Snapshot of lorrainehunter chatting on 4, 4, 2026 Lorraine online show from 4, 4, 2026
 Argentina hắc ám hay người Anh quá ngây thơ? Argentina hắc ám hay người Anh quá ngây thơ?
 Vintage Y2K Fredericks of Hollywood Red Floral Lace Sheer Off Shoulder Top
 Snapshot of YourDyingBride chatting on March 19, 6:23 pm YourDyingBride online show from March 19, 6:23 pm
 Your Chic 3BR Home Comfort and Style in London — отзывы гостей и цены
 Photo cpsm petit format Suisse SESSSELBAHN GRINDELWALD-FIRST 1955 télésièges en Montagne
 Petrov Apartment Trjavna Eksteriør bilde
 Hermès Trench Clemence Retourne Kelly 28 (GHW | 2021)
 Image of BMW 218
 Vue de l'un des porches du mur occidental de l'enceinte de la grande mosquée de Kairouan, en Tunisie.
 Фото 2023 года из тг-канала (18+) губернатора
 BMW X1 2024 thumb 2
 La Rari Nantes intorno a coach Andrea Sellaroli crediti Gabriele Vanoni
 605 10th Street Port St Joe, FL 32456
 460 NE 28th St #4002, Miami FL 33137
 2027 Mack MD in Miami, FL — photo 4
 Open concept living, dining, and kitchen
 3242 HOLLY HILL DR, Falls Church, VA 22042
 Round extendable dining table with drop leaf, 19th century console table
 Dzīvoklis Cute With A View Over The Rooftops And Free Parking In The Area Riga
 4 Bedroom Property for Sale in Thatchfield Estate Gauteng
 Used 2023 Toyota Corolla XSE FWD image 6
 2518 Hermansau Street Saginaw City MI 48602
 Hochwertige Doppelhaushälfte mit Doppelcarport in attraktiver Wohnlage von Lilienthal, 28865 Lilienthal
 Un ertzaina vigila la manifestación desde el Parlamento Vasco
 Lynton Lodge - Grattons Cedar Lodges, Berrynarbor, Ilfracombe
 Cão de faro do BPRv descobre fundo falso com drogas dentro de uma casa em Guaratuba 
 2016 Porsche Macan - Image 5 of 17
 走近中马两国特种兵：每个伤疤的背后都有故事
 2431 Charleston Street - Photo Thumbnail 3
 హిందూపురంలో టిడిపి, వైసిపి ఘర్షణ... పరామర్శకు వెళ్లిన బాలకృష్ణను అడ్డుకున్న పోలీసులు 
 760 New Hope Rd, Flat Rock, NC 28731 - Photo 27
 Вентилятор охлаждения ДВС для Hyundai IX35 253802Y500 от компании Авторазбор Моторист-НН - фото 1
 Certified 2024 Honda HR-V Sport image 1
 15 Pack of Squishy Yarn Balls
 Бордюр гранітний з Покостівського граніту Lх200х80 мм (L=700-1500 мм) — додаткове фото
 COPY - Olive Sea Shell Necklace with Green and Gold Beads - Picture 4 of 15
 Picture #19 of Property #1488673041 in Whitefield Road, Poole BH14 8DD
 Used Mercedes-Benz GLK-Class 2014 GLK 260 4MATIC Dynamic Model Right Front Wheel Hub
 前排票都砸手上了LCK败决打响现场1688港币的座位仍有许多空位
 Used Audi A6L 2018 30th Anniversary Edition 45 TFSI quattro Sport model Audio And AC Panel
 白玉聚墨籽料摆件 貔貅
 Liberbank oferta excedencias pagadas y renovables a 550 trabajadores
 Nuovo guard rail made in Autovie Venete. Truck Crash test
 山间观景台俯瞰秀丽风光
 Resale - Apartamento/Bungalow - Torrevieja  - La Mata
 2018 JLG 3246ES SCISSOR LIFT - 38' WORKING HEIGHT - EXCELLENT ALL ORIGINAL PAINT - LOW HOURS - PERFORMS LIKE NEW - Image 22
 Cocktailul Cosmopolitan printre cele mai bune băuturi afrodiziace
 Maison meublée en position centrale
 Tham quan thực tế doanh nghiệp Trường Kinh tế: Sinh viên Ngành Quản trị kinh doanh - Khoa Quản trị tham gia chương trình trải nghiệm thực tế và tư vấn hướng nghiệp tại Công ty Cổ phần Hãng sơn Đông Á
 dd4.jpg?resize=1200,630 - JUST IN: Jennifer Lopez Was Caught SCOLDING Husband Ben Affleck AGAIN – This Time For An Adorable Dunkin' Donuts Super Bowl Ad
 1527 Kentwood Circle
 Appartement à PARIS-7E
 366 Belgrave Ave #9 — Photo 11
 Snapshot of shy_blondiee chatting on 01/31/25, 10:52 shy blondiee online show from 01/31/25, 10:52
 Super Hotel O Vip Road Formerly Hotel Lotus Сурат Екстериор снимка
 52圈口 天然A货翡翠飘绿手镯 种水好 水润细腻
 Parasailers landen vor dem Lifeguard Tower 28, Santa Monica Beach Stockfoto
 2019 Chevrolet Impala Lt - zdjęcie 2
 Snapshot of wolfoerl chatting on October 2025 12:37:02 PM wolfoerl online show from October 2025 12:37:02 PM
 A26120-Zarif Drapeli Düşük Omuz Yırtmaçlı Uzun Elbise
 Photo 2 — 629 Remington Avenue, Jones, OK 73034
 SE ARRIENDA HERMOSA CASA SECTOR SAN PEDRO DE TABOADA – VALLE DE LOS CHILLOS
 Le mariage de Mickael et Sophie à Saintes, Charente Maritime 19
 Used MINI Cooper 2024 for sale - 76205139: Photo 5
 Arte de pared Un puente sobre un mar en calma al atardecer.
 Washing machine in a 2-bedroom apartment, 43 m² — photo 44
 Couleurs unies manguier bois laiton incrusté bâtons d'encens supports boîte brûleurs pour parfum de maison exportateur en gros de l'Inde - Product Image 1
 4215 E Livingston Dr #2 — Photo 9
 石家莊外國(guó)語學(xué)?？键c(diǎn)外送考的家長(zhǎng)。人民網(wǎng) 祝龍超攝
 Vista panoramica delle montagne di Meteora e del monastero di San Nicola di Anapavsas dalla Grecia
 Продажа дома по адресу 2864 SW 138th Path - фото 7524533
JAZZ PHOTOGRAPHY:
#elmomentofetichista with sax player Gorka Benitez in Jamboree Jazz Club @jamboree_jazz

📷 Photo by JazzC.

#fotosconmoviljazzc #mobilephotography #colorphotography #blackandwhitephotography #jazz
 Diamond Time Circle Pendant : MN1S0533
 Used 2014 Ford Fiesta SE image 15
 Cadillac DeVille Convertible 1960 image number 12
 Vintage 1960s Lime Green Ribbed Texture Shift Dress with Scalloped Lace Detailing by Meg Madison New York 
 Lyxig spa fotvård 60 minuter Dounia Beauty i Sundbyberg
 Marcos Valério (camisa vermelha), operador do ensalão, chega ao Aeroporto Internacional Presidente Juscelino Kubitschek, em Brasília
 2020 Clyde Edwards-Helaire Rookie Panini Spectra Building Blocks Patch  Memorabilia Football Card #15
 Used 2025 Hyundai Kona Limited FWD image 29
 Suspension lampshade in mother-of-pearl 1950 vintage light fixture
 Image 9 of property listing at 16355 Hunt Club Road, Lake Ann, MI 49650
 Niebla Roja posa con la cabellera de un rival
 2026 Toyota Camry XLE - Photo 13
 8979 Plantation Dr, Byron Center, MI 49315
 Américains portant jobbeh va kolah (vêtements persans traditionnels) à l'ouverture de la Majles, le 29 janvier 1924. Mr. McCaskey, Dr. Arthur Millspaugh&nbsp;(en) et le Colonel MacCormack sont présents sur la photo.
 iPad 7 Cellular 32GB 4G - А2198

**Assigned task:** Transcribe all of the records exactly.

**Answer for the task:**
Snapshot of lorrainehunter chatting on 4, 4, 2026 Lorraine online show from 4, 4, 2026
 Argentina hắc ám hay người Anh quá ngây thơ? Argentina hắc ám hay người Anh quá ngây thơ?
 Vintage Y2K Fredericks of Hollywood Red Floral Lace Sheer Off Shoulder Top
 Snapshot of YourDyingBride chatting on March 19, 6:23 pm YourDyingBride online show from March 19, 6:23 pm
 Your Chic 3BR Home Comfort and Style in London — отзывы гостей и цены
 Photo cpsm petit format Suisse SESSSELBAHN GRINDELWALD-FIRST 1955 télésièges en Montagne
 Petrov Apartment Trjavna Eksteriør bilde
 Hermès Trench Clemence Retourne Kelly 28 (GHW | 2021)
 Image of BMW 218
 Vue de l'un des porches du mur occidental de l'enceinte de la grande mosquée de Kairouan, en Tunisie.
 Фото 2023 года из тг-канала (18+) губернатора
 BMW X1 2024 thumb 2
 La Rari Nantes intorno a coach Andrea Sellaroli crediti Gabriele Vanoni
 605 10th Street Port St Joe, FL 32456
 460 NE 28th St #4002, Miami FL 33137
 2027 Mack MD in Miami, FL — photo 4
 Open concept living, dining, and kitchen
 3242 HOLLY HILL DR, Falls Church, VA 22042
 Round extendable dining table with drop leaf, 19th century console table
 Dzīvoklis Cute With A View Over The Rooftops And Free Parking In The Area Riga
 4 Bedroom Property for Sale in Thatchfield Estate Gauteng
 Used 2023 Toyota Corolla XSE FWD image 6
 2518 Hermansau Street Saginaw City MI 48602
 Hochwertige Doppelhaushälfte mit Doppelcarport in attraktiver Wohnlage von Lilienthal, 28865 Lilienthal
 Un ertzaina vigila la manifestación desde el Parlamento Vasco
 Lynton Lodge - Grattons Cedar Lodges, Berrynarbor, Ilfracombe
 Cão de faro do BPRv descobre fundo falso com drogas dentro de uma casa em Guaratuba 
 2016 Porsche Macan - Image 5 of 17
 走近中马两国特种兵：每个伤疤的背后都有故事
 2431 Charleston Street - Photo Thumbnail 3
 హిందూపురంలో టిడిపి, వైసిపి ఘర్షణ... పరామర్శకు వెళ్లిన బాలకృష్ణను అడ్డుకున్న పోలీసులు 
 760 New Hope Rd, Flat Rock, NC 28731 - Photo 27
 Вентилятор охлаждения ДВС для Hyundai IX35 253802Y500 от компании Авторазбор Моторист-НН - фото 1
 Certified 2024 Honda HR-V Sport image 1
 15 Pack of Squishy Yarn Balls
 Бордюр гранітний з Покостівського граніту Lх200х80 мм (L=700-1500 мм) — додаткове фото
 COPY - Olive Sea Shell Necklace with Green and Gold Beads - Picture 4 of 15
 Picture #19 of Property #1488673041 in Whitefield Road, Poole BH14 8DD
 Used Mercedes-Benz GLK-Class 2014 GLK 260 4MATIC Dynamic Model Right Front Wheel Hub
 前排票都砸手上了LCK败决打响现场1688港币的座位仍有许多空位
 Used Audi A6L 2018 30th Anniversary Edition 45 TFSI quattro Sport model Audio And AC Panel
 白玉聚墨籽料摆件 貔貅
 Liberbank oferta excedencias pagadas y renovables a 550 trabajadores
 Nuovo guard rail made in Autovie Venete. Truck Crash test
 山间观景台俯瞰秀丽风光
 Resale - Apartamento/Bungalow - Torrevieja  - La Mata
 2018 JLG 3246ES SCISSOR LIFT - 38' WORKING HEIGHT - EXCELLENT ALL ORIGINAL PAINT - LOW HOURS - PERFORMS LIKE NEW - Image 22
 Cocktailul Cosmopolitan printre cele mai bune băuturi afrodiziace
 Maison meublée en position centrale
 Tham quan thực tế doanh nghiệp Trường Kinh tế: Sinh viên Ngành Quản trị kinh doanh - Khoa Quản trị tham gia chương trình trải nghiệm thực tế và tư vấn hướng nghiệp tại Công ty Cổ phần Hãng sơn Đông Á
 dd4.jpg?resize=1200,630 - JUST IN: Jennifer Lopez Was Caught SCOLDING Husband Ben Affleck AGAIN – This Time For An Adorable Dunkin' Donuts Super Bowl Ad
 1527 Kentwood Circle
 Appartement à PARIS-7E
 366 Belgrave Ave #9 — Photo 11
 Snapshot of shy_blondiee chatting on 01/31/25, 10:52 shy blondiee online show from 01/31/25, 10:52
 Super Hotel O Vip Road Formerly Hotel Lotus Сурат Екстериор снимка
 52圈口 天然A货翡翠飘绿手镯 种水好 水润细腻
 Parasailers landen vor dem Lifeguard Tower 28, Santa Monica Beach Stockfoto
 2019 Chevrolet Impala Lt - zdjęcie 2
 Snapshot of wolfoerl chatting on October 2025 12:37:02 PM wolfoerl online show from October 2025 12:37:02 PM
 A26120-Zarif Drapeli Düşük Omuz Yırtmaçlı Uzun Elbise
 Photo 2 — 629 Remington Avenue, Jones, OK 73034
 SE ARRIENDA HERMOSA CASA SECTOR SAN PEDRO DE TABOADA – VALLE DE LOS CHILLOS
 Le mariage de Mickael et Sophie à Saintes, Charente Maritime 19
 Used MINI Cooper 2024 for sale - 76205139: Photo 5
 Arte de pared Un puente sobre un mar en calma al atardecer.
 Washing machine in a 2-bedroom apartment, 43 m² — photo 44
 Couleurs unies manguier bois laiton incrusté bâtons d'encens supports boîte brûleurs pour parfum de maison exportateur en gros de l'Inde - Product Image 1
 4215 E Livingston Dr #2 — Photo 9
 石家莊外國(guó)語學(xué)?？键c(diǎn)外送考的家長(zhǎng)。人民網(wǎng) 祝龍超攝
 Vista panoramica delle montagne di Meteora e del monastero di San Nicola di Anapavsas dalla Grecia
 Продажа дома по адресу 2864 SW 138th Path - фото 7524533
JAZZ PHOTOGRAPHY:
#elmomentofetichista with sax player Gorka Benitez in Jamboree Jazz Club @jamboree_jazz

📷 Photo by JazzC.

#fotosconmoviljazzc #mobilephotography #colorphotography #blackandwhitephotography #jazz
 Diamond Time Circle Pendant : MN1S0533
 Used 2014 Ford Fiesta SE image 15
 Cadillac DeVille Convertible 1960 image number 12
 Vintage 1960s Lime Green Ribbed Texture Shift Dress with Scalloped Lace Detailing by Meg Madison New York 
 Lyxig spa fotvård 60 minuter Dounia Beauty i Sundbyberg
 Marcos Valério (camisa vermelha), operador do ensalão, chega ao Aeroporto Internacional Presidente Juscelino Kubitschek, em Brasília
 2020 Clyde Edwards-Helaire Rookie Panini Spectra Building Blocks Patch  Memorabilia Football Card #15
 Used 2025 Hyundai Kona Limited FWD image 29
 Suspension lampshade in mother-of-pearl 1950 vintage light fixture
 Image 9 of property listing at 16355 Hunt Club Road, Lake Ann, MI 49650
 Niebla Roja posa con la cabellera de un rival
 2026 Toyota Camry XLE - Photo 13
 8979 Plantation Dr, Byron Center, MI 49315
 Américains portant jobbeh va kolah (vêtements persans traditionnels) à l'ouverture de la Majles, le 29 janvier 1924. Mr. McCaskey, Dr. Arthur Millspaugh&nbsp;(en) et le Colonel MacCormack sont présents sur la photo.
 iPad 7 Cellular 32GB 4G - А2198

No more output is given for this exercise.